I am using norconex-collector-http-2.1.0 and norconex-committer-elasticsearch-2.0.1 and I'm running Elasticsearch 1.5.2. The configuration file is later modified in the code to set the maxdepth, starting url, and regex filter. Here is the config.xml:

<?xml version="1.0" encoding="UTF-8"?>
<!--
   Copyright 2010-2014 Norconex Inc.

   Licensed under the Apache License, Version 2.0 (the "License");
   you may not use this file except in compliance with the License.
   You may obtain a copy of the License at

       http://www.apache.org/licenses/LICENSE-2.0

   Unless required by applicable law or agreed to in writing, software
   distributed under the License is distributed on an "AS IS" BASIS,
   WITHOUT WARRANTIES OR CONDITIONS OF ANY KIND, either express or implied.
   See the License for the specific language governing permissions and
   limitations under the License.
-->
<httpcollector id="Complex Crawl">

    #set($http = "com.norconex.collector.http")
    #set($core = "com.norconex.collector.core")
    #set($urlNormalizer   = "${http}.url.impl.GenericURLNormalizer")
    #set($filterExtension = "${core}.filter.impl.ExtensionReferenceFilter")
    #set($filterRegexRef  = "${core}.filter.impl.RegexReferenceFilter")

    <progressDir>${workdir}/progress</progressDir>
    <logsDir>${workdir}/logs</logsDir>

    <crawlerDefaults>

        <urlNormalizer class="$urlNormalizer" />
        <numThreads>4</numThreads>
        <maxDepth>2</maxDepth>
        <workDir>$workdir</workDir>
        <orphansStrategy>DELETE</orphansStrategy>
        <!-- We know we don't want to crawl the entire site, so ignore sitemap. -->
        <sitemap ignore="true" />

        <committer class="com.norconex.committer.elasticsearch.ElasticsearchCommitter">
            <indexName>RepositoryRequestCrawl</indexName>
            <typeName>webdoc</typeName>
            <clusterName>es-crawler</clusterName>
        </committer>

        <referenceFilters>
            <!-- Note we ignore Power Point and other possible repository desciptors -->
            <filter class="$filterExtension" onMatch="exclude">jpg,gif,png,ico,css,js,sit,eps,wmf,ppt,mpg,xls,rpm,mov,exe,jpeg,bmp</filter>
            <filter class="$filterRegexRef" onMatch="include">http://([a-z0-9]+\.)*redis\.io(/.*)?</filter>
        </referenceFilters>

    </crawlerDefaults>

    <crawlers>

        <crawler id="Norconex Redis Crawl">
            <startURLs>
                <url>http://redis.io</url>
            </startURLs>
        </crawler>

    </crawlers>

</httpcollector>

This is the config.variables file:

workdir = ./crawl-output/mycrawler
pascaldimassimo commented 9 years ago

I think the issue is caused by a Lucene version mismatch. In the norconex-committer-elasticsearch-2.0.1, we include lucene-core-4.10.4.jar, while in norconex-collector-http-2.1.0, we include lucene-core-5.0.0.jar. In lucene 5, Version.LUCENE_3_6 does not exist anymore, hence the NoSuchFieldError. Try removing lucene 5 in your lib folder and use only the lucene jars bundled with the committer to see if that fixes the issue.

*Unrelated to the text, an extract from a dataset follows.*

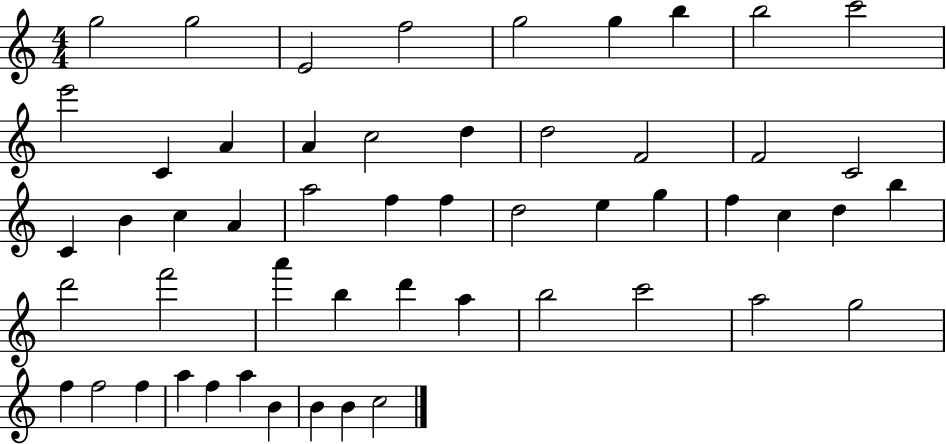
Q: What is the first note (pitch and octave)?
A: G5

@essiembre I see that the importer is now using Lucene 5. Are we using features exclusive to this version?

essiembre commented 9 years ago

It is only bundled with the Importer as a dependency to the TitleGeneratorTagger. If that tagger is not being used, one can remove the Lucene Jar bundled with the Importer without issues. The TitleGeneratorTagger has quite a few dependencies and it maybe it shall be modified to not rely on so many, or maybe making them optional.

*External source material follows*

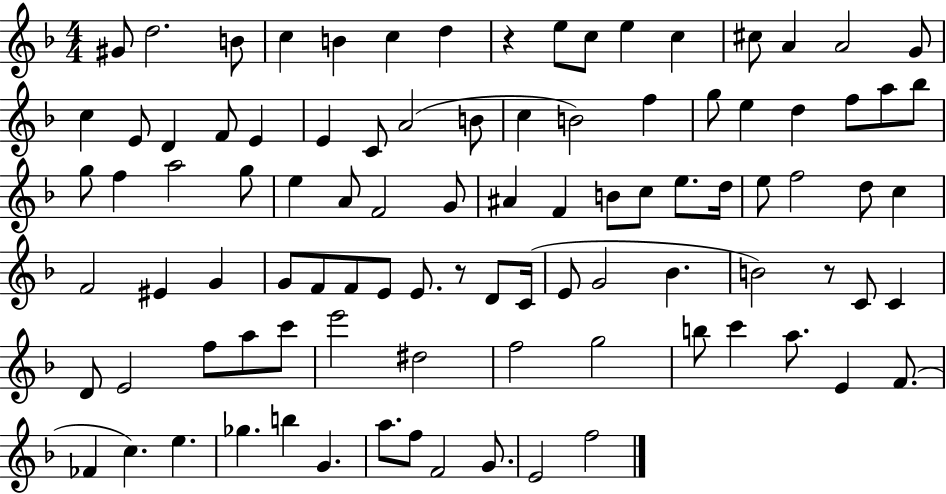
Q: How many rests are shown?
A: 3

yvesnyc commented 9 years ago

Thanks @pascaldimassimo and @essiembre. Yes, the inclusion of the lucene 5.0 jars was the problem.

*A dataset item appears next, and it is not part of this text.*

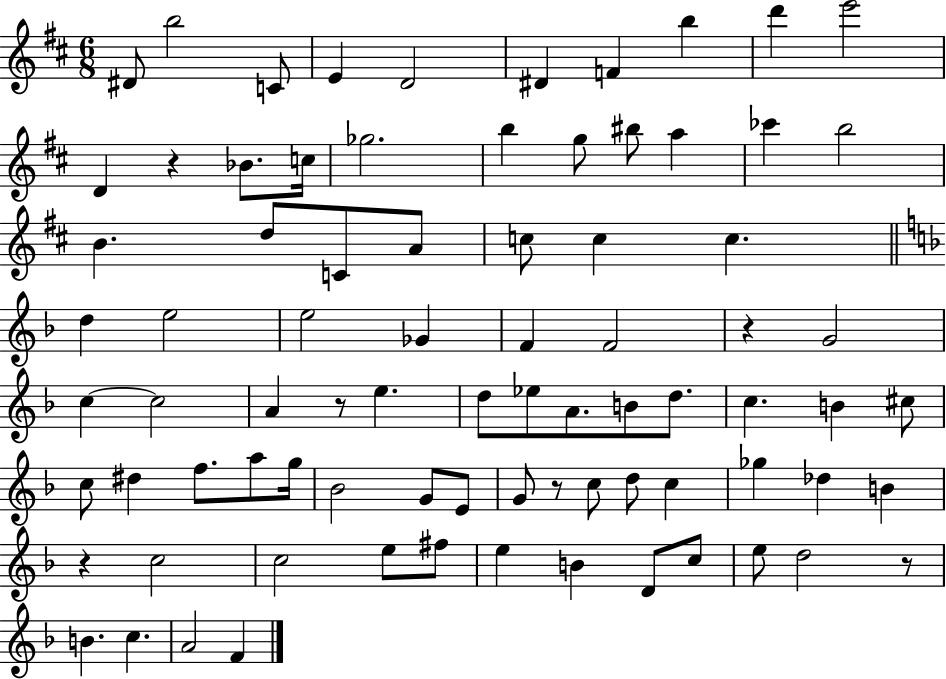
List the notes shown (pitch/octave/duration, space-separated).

D#4/e B5/h C4/e E4/q D4/h D#4/q F4/q B5/q D6/q E6/h D4/q R/q Bb4/e. C5/s Gb5/h. B5/q G5/e BIS5/e A5/q CES6/q B5/h B4/q. D5/e C4/e A4/e C5/e C5/q C5/q. D5/q E5/h E5/h Gb4/q F4/q F4/h R/q G4/h C5/q C5/h A4/q R/e E5/q. D5/e Eb5/e A4/e. B4/e D5/e. C5/q. B4/q C#5/e C5/e D#5/q F5/e. A5/e G5/s Bb4/h G4/e E4/e G4/e R/e C5/e D5/e C5/q Gb5/q Db5/q B4/q R/q C5/h C5/h E5/e F#5/e E5/q B4/q D4/e C5/e E5/e D5/h R/e B4/q. C5/q. A4/h F4/q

Specifically, the solution was to remove the lucene-core-5.0.0 and lucene-analyzers-common-5.0.0 jars found in the norconex-collector-http-2.1.0 dependency. This was done with exclude directives in the dependency declaration. The norconex-committer-elasticsearch-2.0.1 dependency pulls in the 4.10.4 versions.